Among them is Jim Simons, the king of quants. Yesterday Gregory Zuckerman published "The Man Who Solved the Market: How Jim Simons Launched the Quant Revolution."
It details how a 40-year old math professor walked away from a job at Stony Brook University to try trading currencies. He had no idea what he was doing but raised $4 million with a few partners. He recruited renowned mathematicians to help him. It didn't work and losses topped $1 million.
"If you make money, you feel like a genius," he told a friend. "If you lose, you're a dope."
He gathered more data and persevered through the 1980s with a mixed record. In 1989 he lost 4%.

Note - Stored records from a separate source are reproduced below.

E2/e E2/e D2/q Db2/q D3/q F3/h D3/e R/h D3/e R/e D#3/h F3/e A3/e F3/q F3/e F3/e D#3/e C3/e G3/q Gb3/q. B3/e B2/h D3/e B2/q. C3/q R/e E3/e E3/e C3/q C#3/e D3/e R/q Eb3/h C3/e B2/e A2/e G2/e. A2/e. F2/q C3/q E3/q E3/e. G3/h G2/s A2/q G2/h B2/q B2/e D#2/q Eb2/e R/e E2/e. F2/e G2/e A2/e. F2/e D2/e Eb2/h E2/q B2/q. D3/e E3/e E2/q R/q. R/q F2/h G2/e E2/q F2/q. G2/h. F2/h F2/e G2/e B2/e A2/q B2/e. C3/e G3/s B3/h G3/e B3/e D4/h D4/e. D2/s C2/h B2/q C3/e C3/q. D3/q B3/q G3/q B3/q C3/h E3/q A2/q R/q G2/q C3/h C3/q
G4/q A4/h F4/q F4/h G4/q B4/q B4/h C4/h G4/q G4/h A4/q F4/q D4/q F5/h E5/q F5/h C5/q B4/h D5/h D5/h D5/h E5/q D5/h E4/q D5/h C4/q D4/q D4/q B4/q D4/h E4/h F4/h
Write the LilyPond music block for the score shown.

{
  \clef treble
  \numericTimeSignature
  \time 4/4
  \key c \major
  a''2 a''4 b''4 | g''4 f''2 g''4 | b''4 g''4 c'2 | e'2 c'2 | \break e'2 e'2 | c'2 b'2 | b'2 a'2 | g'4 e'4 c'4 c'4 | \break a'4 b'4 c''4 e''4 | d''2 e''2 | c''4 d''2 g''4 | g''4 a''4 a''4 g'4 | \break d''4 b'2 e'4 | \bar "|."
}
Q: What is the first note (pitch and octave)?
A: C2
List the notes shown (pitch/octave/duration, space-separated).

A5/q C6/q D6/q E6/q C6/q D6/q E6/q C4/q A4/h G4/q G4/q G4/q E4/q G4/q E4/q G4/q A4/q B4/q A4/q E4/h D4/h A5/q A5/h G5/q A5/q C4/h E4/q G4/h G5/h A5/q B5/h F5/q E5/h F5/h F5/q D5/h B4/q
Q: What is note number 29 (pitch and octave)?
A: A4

Finally, Simons along with recently recruited colleagues Henry Laufer and Elwyn Berlekamp, started to focus on short-term patterns -- Monday's price action often followed Friday's, while Tuesday saw reversions to earlier trends.
It worked and the Medallion fund gained 55.9% in 1990. It hasn't stopped. His fund as generated average returns of 66%, racking up gains of $100 billion. No other fund or manager is even close. A $10,000 investment 30 years ago excluding fees would be worth $40 billion today. Even after fees, it would be worth $195 million.
How the fund makes money is one of the world's most-closely guarded secrets but it's story isn't. Simonds certainly had mathematical talents but he know almost nothing about markets when he started out at age 40 and managed to amass one of the world's great fortunes.